Orphée, Aristophane, Bias, Journel naît le 6 août 1896 à Allenay (Somme – 80), fils d’Edmond, Léopold, Albert, Journel, 31 ans, limeur en cuivre, conseiller municipal, et de Marie-Céline, Pascaline, Delettre, son épouse, 28 ans, native de Béthencourt-sur-Mer, serrurière (les témoins sont un mouleur en cuivre et un « ouvrier en vis ». Aujourd’hui (2011), il existe encore sur la commune deux usines de décolletage : fabrication de vis, de boulons à partir de barres métalliques.

Lors du recensement de 1911 à Allenay, Orphée, 15 ans, est tourneur en cuivre chez Cagé. Son frère Argus, 21 ans, est mouleur en cuivre chez Morel. La mère n’apparaît plus au foyer, rue Saint-Ault. À 16 ans, Orphée est membre de la Société sportive d’Allenay, dans l’équipe de « balle au tambour » (?).

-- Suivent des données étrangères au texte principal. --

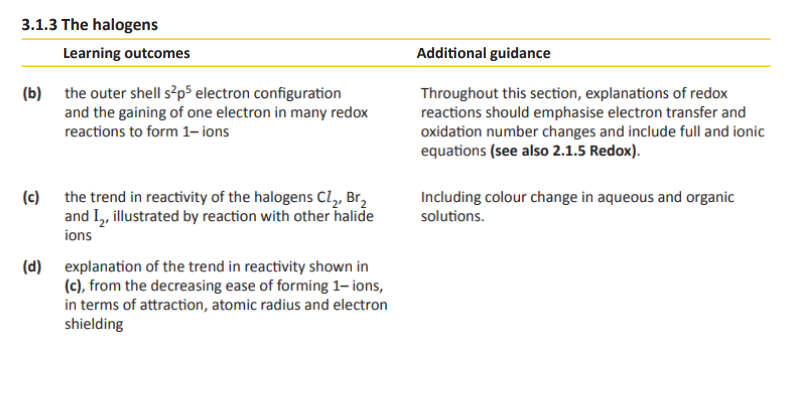 Specification reference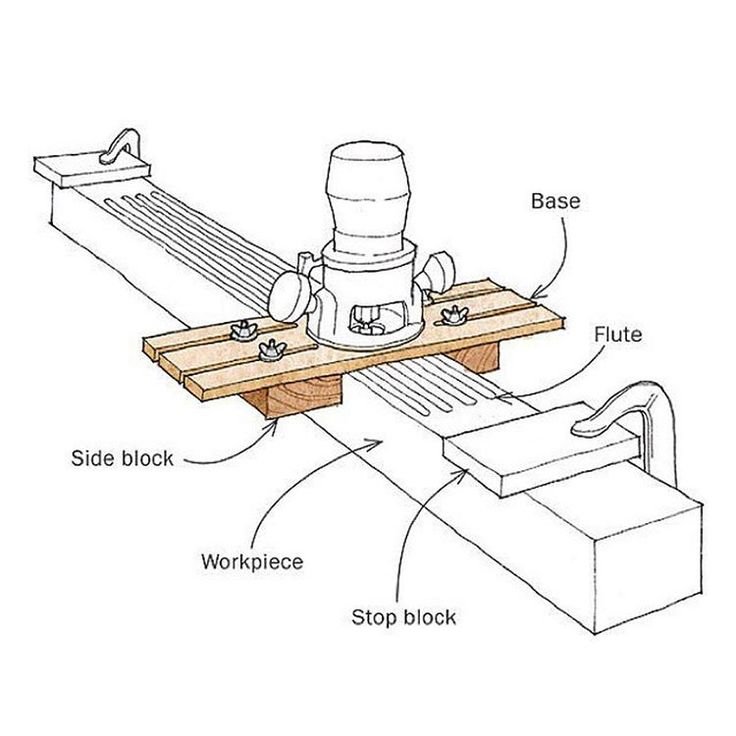 Чертежи приспособления для кромочного фрезера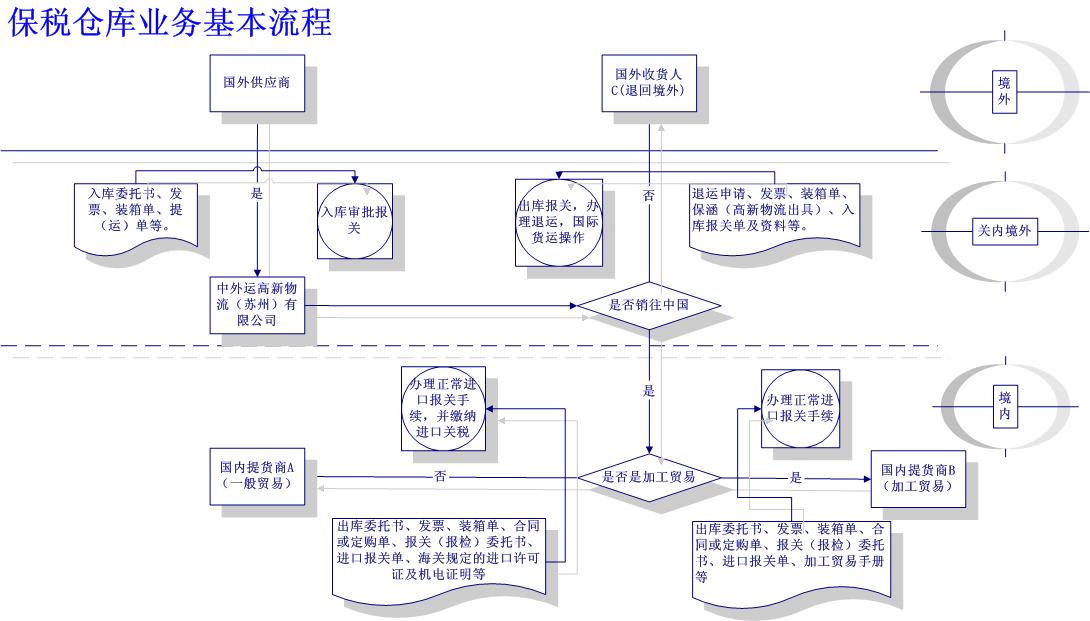 导致货物出口退运的几个原因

Le 9 avril 1915, Orphée Journel est mobilisé comme soldat de 2e classe au 120e régiment d’infanterie, qu’il rejoint deux jours plus tard. Le 16 août, il est détaché aux Chantiers de Penhoët à Saint-Nazaire (Loire-Atlantique). Mais il rentre au dépôt de son régiment le 2 décembre. Le 26 avril 1916, il passe au 77e R.I. Le 19 septembre, il rejoint le 264e R.I., qui monte au front. Le 18 février 1919, il passe au 91e R.I. Le 22 février, il passe au 501e régiment de chars d’assaut. Le 30 août 1919, il est mis en congé illimité de démobilisation et se retire à Allenay, titulaire d’un certificat de bonne conduite.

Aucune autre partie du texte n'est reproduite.